Ma ecco Zefinha, energica rappresentante del gruppo delle donne. Una testimonianza, la sua, che fa capire come la possibilitá di cambiamento sia reale e di quanto importante sia l'azione svolta da Luís E Francimar. "I problemi sono ancora più grandi per le donne. Qui nessuna donna lavora, nessuna ha un reddito. Ma adesso stiamo alzando la testa, abbiamo capito che bisogna darsi da fare se vogliamo che la situazione cambi. Che so? Qualche forma di artigianato. Stiamo pensando a produrre qualcosa che poi possiamo vendere.
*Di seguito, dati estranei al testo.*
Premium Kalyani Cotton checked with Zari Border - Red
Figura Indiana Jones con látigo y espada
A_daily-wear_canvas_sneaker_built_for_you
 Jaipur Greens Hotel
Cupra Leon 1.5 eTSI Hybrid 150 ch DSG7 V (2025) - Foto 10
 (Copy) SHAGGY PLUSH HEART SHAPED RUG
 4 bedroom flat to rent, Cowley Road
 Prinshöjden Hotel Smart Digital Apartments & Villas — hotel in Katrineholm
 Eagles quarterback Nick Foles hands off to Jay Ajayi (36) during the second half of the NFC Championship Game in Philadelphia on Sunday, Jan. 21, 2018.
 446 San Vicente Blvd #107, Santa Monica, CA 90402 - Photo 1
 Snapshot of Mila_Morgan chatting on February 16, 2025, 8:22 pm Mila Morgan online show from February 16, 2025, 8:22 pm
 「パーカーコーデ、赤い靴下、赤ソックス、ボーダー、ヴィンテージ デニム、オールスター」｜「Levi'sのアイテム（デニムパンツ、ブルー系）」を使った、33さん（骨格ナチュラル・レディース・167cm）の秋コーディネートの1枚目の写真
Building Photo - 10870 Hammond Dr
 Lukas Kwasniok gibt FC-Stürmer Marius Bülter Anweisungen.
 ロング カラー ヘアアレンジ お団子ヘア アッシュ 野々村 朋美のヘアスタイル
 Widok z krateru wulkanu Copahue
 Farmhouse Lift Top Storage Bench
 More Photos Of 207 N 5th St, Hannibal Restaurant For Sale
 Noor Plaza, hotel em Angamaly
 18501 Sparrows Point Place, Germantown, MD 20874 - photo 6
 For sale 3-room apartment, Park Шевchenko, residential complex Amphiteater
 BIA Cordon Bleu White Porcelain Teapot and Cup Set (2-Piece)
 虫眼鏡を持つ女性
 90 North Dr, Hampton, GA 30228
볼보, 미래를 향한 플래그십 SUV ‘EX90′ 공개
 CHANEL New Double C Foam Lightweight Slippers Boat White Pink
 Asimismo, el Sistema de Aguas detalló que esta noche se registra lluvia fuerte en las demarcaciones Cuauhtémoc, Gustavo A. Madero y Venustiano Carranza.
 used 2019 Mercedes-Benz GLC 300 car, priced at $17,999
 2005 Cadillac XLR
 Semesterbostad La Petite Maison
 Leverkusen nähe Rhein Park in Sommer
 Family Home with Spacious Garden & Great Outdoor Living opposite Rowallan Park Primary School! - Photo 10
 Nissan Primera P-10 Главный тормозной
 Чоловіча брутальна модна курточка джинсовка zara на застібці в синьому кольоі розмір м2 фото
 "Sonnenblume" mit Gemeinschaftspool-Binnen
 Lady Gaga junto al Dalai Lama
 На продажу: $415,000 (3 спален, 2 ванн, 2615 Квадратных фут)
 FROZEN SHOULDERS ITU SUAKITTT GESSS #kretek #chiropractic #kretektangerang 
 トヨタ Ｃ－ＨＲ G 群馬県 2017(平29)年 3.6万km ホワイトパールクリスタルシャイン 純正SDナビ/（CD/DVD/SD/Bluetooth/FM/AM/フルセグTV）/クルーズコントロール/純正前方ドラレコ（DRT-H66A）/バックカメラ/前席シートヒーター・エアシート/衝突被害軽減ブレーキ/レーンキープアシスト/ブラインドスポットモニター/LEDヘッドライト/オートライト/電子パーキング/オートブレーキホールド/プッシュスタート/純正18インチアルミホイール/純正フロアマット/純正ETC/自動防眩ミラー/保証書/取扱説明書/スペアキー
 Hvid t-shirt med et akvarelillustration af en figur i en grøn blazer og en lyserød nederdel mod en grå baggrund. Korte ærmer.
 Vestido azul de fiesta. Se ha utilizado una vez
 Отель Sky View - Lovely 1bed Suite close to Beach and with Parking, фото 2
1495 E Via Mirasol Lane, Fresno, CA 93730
E molto sta cambiando dopo gli incontri che stiamo facendo con le donne. Partecipiamo a incontri fuori, conosciamo altre persone e questo aiuta a cambiare la mentalità. Ma non è che si può far molto se non c’è la terra. Ce la dobbiamo prendere se vogliamo uscire da questa situazione. Non possiamo più continuare a pagare affitti esorbitanti al padrone. Ho lavorato mesi e mesi a raccogliere il cotone senza guadagnare nulla. Lavoravo come gli uomini, anzi di più, eppure mi pagavano di meno perché ero una donna. Ma non potevo farne a meno, avevo troppo bisogno di quei soldi. Io credo nella donna che è dentro di me e sono convinta che le cose stanno già cambiando. Prima di tutto sta cambiando la testa e questo lo devo anche al lavoro di Luis e di Franzimar. Prima eravamo persone che guardavano ma non vedevano, quasi come fossimo ciechi; adesso invece cominciamo a capire".

Lasciamo la comunità del Matão coscienti della difficile situazione che qui le persone devono affrontare ma non senza aver colto la voglia di combattere che anima donne e giovani.